STAR TREK-THE MOTION PICTURE (1979) war der erste Film, bei dem ich bewusst den Namen Jerry Goldsmith aufgenommen und nie wieder vergessen hatte. Diese gewaltige, majestätische Hymne (so klang es damals für mich, an einen Marsch dachte ich als Knirps nicht) zu Beginn des Films, die Musik für die Klingonen, die Trompete beim Flug zu der im «Trockendock» hängenden Enterprise und die Pausenmusik, die bei geschlossenem Vorhang ertönte. Ich war hin und weg. Mich störte dabei weder die Länge noch das bedächtige Tempo des Films, im Gegenteil ich suhlte mich, als knapp 10jähriger, in dieser Musik eines Mannes mit Namen Jerry Goldsmith, der für mich ab sofort Synonym für etwas ganz Besonderes war.
Damals stellte ich mir immer Menschen zu Namen vor – man bedenke, es gab absolut keinen Zugang zu irgendwelchen Informationen wie sie uns heute überfluten, schon gar nicht für mich als Kind und in einem so speziellen Gebiet wie es Filmmusik war. Als ich später das erste Mal ein Foto des Maestros sah, kam er mir irgendwie bekannt vor. Erklären kann ich mir das bis heute nicht, lag ich doch eigentlich immer daneben mit meinen bildlichen Assoziationen.

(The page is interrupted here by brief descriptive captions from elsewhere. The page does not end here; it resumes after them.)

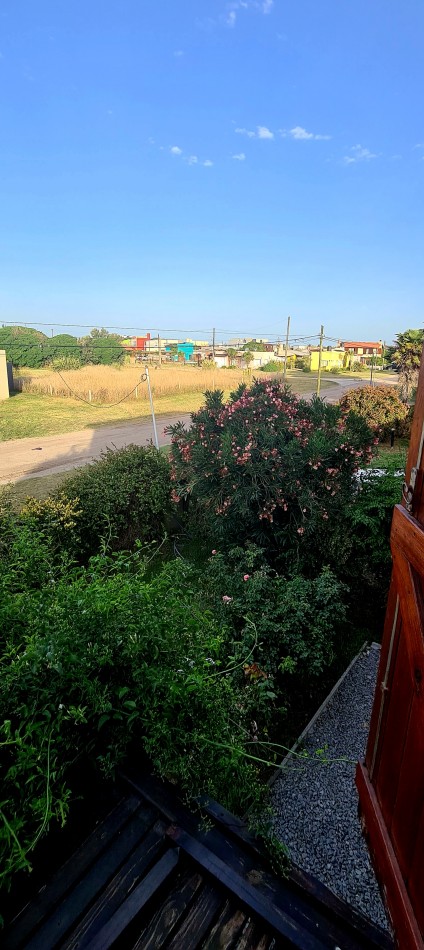 Venta casa de 3 ambientes a 2 cuadras del mar 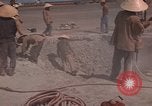 Immagine di Pulire la zona Il Vietnam, 1965, secondo 44 filmato di repertorio 65675045225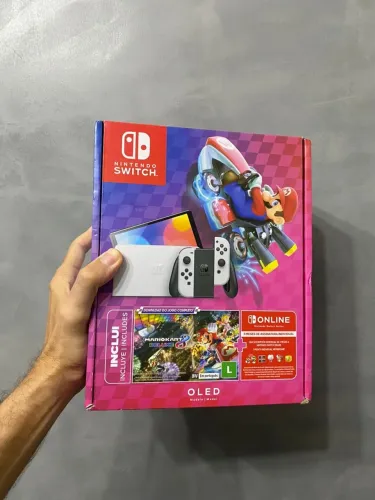 Nintendo Switch OLED Mario Kart 8 Deluxe - Novo e Lacrado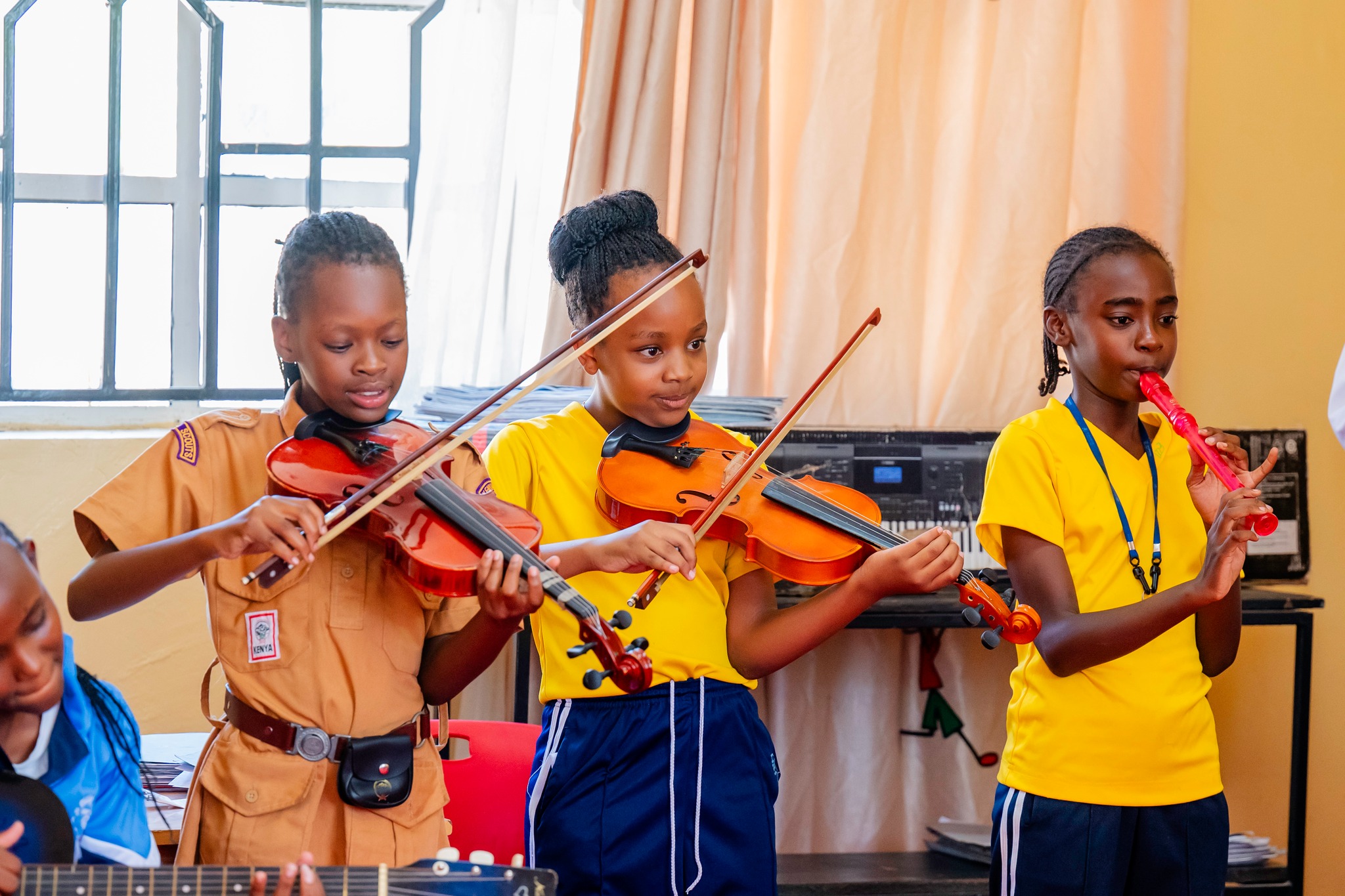 MUSIC INSTRUMENTS G7-G9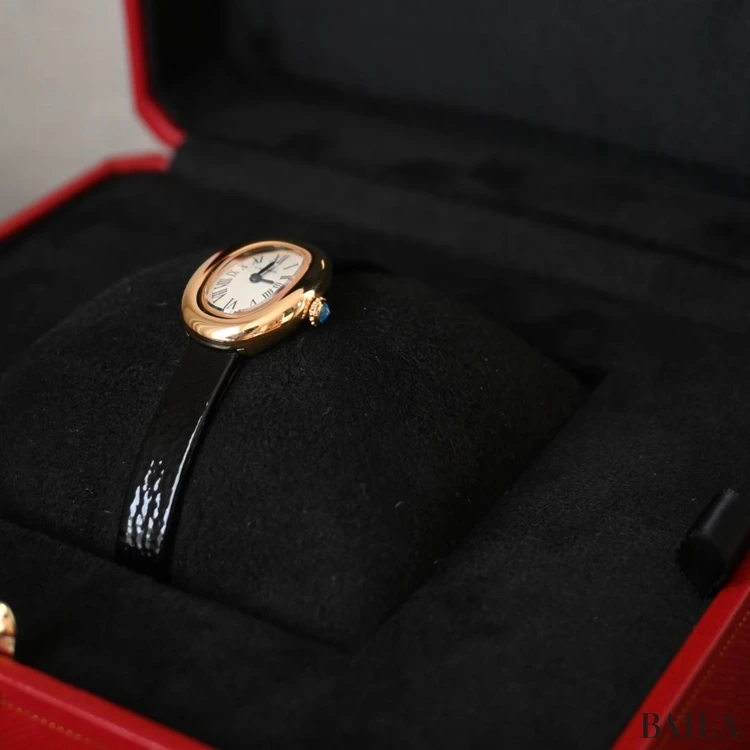 カルティエの腕時計 ベニュワール ウォッチ（ミニモデル）　フェイスの寄り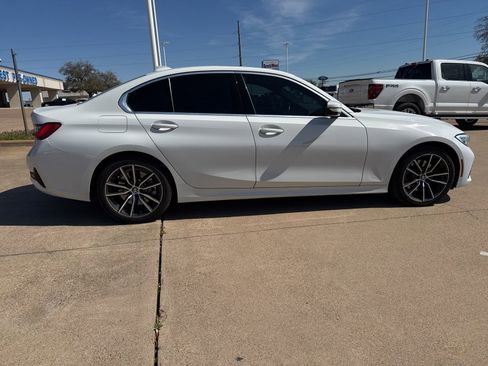 Used 2020 BMW 330i Sedan w/ Convenience Package image 8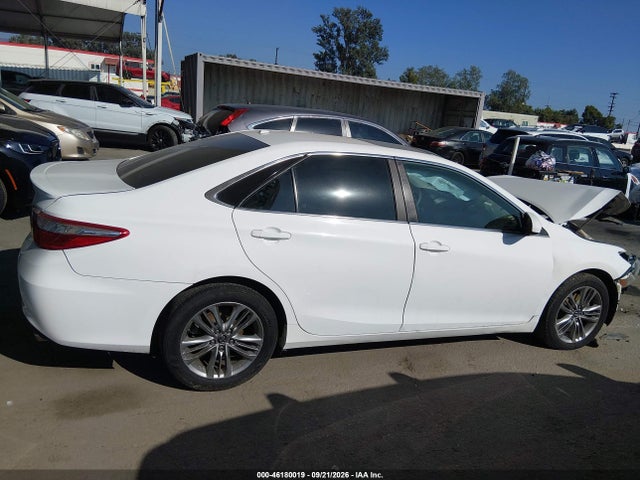 4T1BF1FK4HU375640 Toyota CAMRY SE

Auch war es kaum möglich an LPs mit den Zusätzen «Original Motion Picture Soundtrack» und «Composed and Conducted by» zu gelangen, dazu war weder das Geld da noch führte das lokale Plattengeschäft solche Hollywoodmusiken. Alleine in die Kinofilme, die Jerry Goldsmith musikalisch ausstattete, durfte ich noch einige Zeit nicht. Klar holte ich das alles nach, später, als ich mein eigenes Geld hatte und die Frage an der Kinokasse, «bist du denn schon 16?», keine Rolle mehr spielte. Inzwischen war da noch ein anderer Komponist in meinem Sichtfeld, nachdem ich THE EMPIRE STRIKES BACK (1980) sehen gehen durfte. Dann tauchte plötzlich mit James Horner ein weiterer Name im Feld des Science Fiction auf, damals mein absolutes Go-to-Genre – obwohl ich logischerweise hoffte, ehe ich mit Schrecken das Filmplakat sah, Goldsmith würde auch die Musik zum zweiten STAR TREK Film liefern. Doch Horner wickelte mich mit WRATH OF KHAN um den Finger. Im Rückblick darf man sagen: Was für eine goldene Zeit, die wir damals erleben durfte und wie trocken dazu die jetzige «Filmmusikernte» und leider auch das Boxoffice-Programm ausfällt.
Ja, Jerry Goldsmith mutierte zu meinem Lieblingskomponisten – auch LINK (1986) und MR. BASEBALL (1992) entmutigten mich nicht; sonderbarerweise mochte ich dem Ersteren sogar etwas abzugewinnen und LINK drehte einige Mal seine Runden auf dem Plattenteller.
Seine mitreissend beispiellose Actionmusik, sein Gespür für ein (das richtige?) Hauptthema, sein ganz besonderes Faible für ein Liebesthema sowie der Umgang mit Themen und Motiven, aber auch und insbesondere die Einbindung von Synthesizern in viele seiner Scores, all das war trotz der manchmal unglücklichen Filmauswahl für mich einfach unvergleichlich, so gerne ich Williams und Horner hörte.
Jerry Goldsmith verstarb viel zu früh. So wie man den Komponisten gekannt hat, wären da noch einige Scores auf uns zugekommen, hätte der Amerikaner noch so manches Konzert dirigieren können. Spannend wäre gewesen zu erleben wie er mit den neuen Anforderungen in und um Hollywood zurecht gekommen wäre – aber so wie er die Zeit anfangs der 70er Jahre, als Filmsongs und ultrakurze Filmmusiken en vogue waren, überstanden hatte, ist zu erwarten, dass er, Jerry Goldsmith, auch diese neuerliche Phase der Filmmusikdürre mit Bravour hinter sich gebracht hätte.
Doch so verliess uns und seine Lieben am 21. Juli 2004 einer der ganz grossen Filmkomponisten und hinterliess eine nicht zu füllende Lücke, die dank der Speciality Labels immerhin mit «definitiven» und «Deluxe» Ausgaben seiner Scores doch anständig bearbeitet wurde.
Nun steht eine mit Spannung erwartete Buchreihe an und fast gleichzeitig sind in Frankreich ebenfalls zwei Bücher über Jerry Goldsmith erschienen.
Jerry, wir vermissen Dich – nach wie vor!